Less ctDNA is shed in the blood during the early stage of lung cancer. For such low levels of ctDNA, the NGS‐based methods are superior for detecting with better sensitivity. NGS, also known as high‐throughput sequencing, involves massively parallel or deep sequencing where millions of DNA fragments are sequenced simultaneously and then reorganized by bioinformatic techniques. NGS captures a wider spectrum of mutations, regardless of whether the DNA sequenced is known beforehand, including substitutions, insertions, and deletions.16 A well custom‐designed panel for target sequencing can have sensitivity below 0.01%.17 Several studies have shown the feasibility of using NGS to detect ctDNA in early‐stage lung cancer. Guo et al. and Chen et al. demonstrated rather high sensitivity at 75.0% and 78.3%, respectively,18 , 19 while Zhao et al. showed a very low level of sensitivity at 10%20 As shown in Table 2, the specific accuracy values are inconsistent and different detection platforms significantly contributed to this inconsistency. Moreover, this fluctuation in sensitivity and specificity might also be a result of the inconsistency of the procedures used for blood sample collection and ctDNA extraction. Therefore, apart from utilizing more accurate technology, the development of a universal, widely recognized, and standardized workflow containing procedures ranging from sample collection to ctDNA extraction is necessary.
Table 2.
ctDNA detection stats in recent studies
| Research | Country | Size | Stage I | Result |
|---|---|---|---|---|
| Abbosh et al. (2017)20 | UK | 96 | 59 | Stage I sensitivity: 37.3% |
| Guo et al. (2016)18 | China | 41 | 23 | Stage I and II sensitivity: 75.0% |
| Chen et al. (2016)19 | China | 58 | 46 | Stage I sensitivity: 78.3% |
| Fernandez‐Cuesta et al. (2016)21 | France | 51 | 7 | Stage I for TP53 mutation: 35.7% |
| Uchida et al. (2015)22 | Japan | 288 | 64 | Stage I–IIIA sensitivities: 22.2%, |
| Hu et al. (2013)23 | China | 120 | 38 (I–II) | Stage I–II for EGFR mutation: 25.8% |
| Jing et al. (2012)24 | China | 173 | 60 (I–II) | Stage I–II for EGFR mutation: 81.8% |
| Zhao et al. (2012)25 | China | 111 | 22 | Stage I for EGFR mutation: 10% |
| Nakamura et al. (2012)26 | Japan | 39 | 16 | Stage I for EGFR mutation: 5.8% |
| Sozzi et al. (2001)27 | Italy | 84 | 46 | AUC‐ROC 0.844 (0.767–0.898) |
AUC‐ROC, area under the curve‐receiver operating characteristic; ctDNA, circulating tumor DNA.

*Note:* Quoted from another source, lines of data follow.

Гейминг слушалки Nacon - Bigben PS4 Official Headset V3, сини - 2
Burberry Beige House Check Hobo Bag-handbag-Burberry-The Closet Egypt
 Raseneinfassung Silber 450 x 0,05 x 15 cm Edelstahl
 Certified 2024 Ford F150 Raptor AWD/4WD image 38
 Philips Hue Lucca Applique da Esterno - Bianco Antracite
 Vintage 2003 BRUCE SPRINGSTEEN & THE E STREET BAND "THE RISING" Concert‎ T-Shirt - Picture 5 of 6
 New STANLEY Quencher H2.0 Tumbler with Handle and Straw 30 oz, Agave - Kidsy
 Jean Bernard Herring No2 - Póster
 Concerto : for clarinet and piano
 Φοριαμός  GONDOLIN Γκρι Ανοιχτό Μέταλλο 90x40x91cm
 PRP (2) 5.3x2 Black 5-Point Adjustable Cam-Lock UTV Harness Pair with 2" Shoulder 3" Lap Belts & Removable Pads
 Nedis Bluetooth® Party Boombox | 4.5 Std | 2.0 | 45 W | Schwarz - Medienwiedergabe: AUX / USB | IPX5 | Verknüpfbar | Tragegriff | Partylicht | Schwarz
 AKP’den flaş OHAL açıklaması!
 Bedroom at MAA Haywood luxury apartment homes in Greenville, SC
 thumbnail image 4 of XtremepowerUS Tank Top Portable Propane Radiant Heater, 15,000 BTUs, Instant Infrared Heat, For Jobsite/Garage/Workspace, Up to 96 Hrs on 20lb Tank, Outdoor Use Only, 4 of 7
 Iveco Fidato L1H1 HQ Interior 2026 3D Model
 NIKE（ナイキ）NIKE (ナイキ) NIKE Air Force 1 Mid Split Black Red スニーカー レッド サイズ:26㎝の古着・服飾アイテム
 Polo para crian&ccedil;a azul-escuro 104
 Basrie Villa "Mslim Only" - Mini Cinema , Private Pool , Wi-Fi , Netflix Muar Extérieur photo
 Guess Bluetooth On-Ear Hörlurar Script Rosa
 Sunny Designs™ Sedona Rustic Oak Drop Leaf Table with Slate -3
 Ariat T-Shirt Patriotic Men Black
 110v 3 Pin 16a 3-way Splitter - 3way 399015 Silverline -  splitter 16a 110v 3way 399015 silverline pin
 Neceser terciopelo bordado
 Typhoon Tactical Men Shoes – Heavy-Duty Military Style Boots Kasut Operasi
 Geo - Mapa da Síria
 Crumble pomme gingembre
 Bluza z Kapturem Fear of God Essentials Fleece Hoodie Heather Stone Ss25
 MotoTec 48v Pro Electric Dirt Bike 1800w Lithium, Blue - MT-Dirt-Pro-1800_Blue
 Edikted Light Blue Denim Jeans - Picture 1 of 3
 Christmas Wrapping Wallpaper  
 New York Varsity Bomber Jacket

As for samples used for ctDNA analysis, plasma samples are preferable.28 The overall quantity of cfDNA in serum is 2‐fold to 24‐fold higher than in plasma, mainly because extensive contamination of DNA released from lysed immune cells occurs during the clotting process.29 Thus, using plasma samples can exclude the contamination from cells during the clotting process, yielding lower background levels (wild‐type DNA). Plasma has been proven to be a superior source of ctDNA.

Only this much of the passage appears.